Wallace said he thinks the strides California has made in addressing some of the needs of the undocumented community augurs well for passage of SB 4.
“If California appears to be ahead nationally, that shows both a willingness and awareness to do that,” Wallace said. And many of the concerns about those incremental advances, he said, have been proven false. “Nothing bad has happened by doing a number of these things,” he said.
The report was a joint effort by the UCLA Center for Health Policy Research, the UC Global Health Institute and the UCLA Blum Center on Poverty and Health in Latin America.
“Most states have restrictive policies,” the report said, “and even among the few [states] with higher scores, there are more opportunities for policymakers to strengthen state laws that improve the legal, social and economic environments that foster the health of undocumented immigrants.”

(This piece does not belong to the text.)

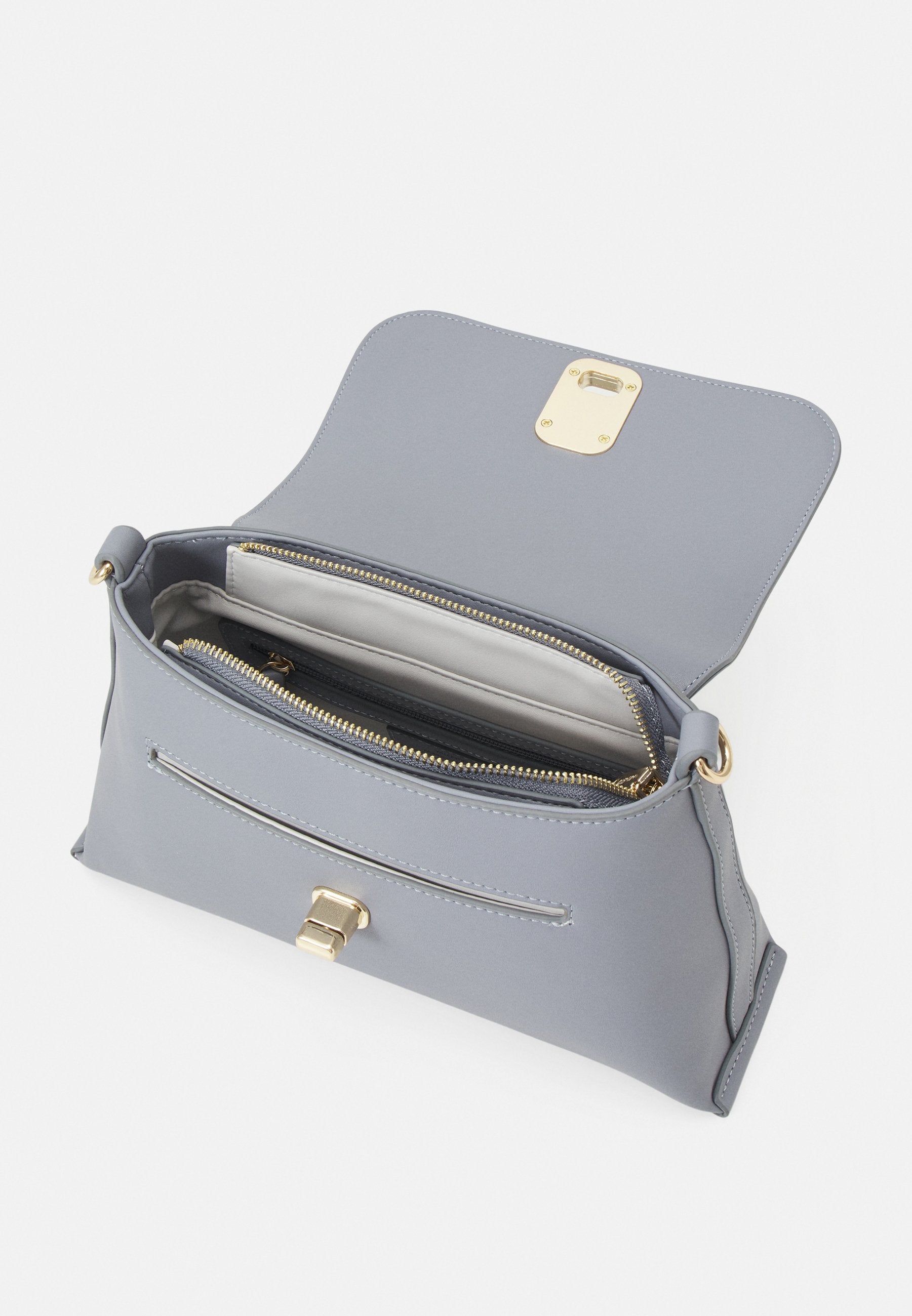 Valentino Bags LODGE - Handbag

“It is frustrating that so many states have policies that ignore or exclude a group of people who work hard and contribute so much to our society,” Wallace said. “The neglect or outright discrimination of the undocumented does not just hurt workers and their families. It hurts the communities that rely on them for the basic labor that makes our society function.”
The report’s recommendation: State lawmakers, including those in California, need to do more to limit the federal laws restricting access to health care for the undocumented.
“None of these policies pass easily,” Wallace said. “We have come a long way from the ’90s, we have changed the political culture in the state. But it’s clear that California needs to keep its momentum in providing services for all members of the state.”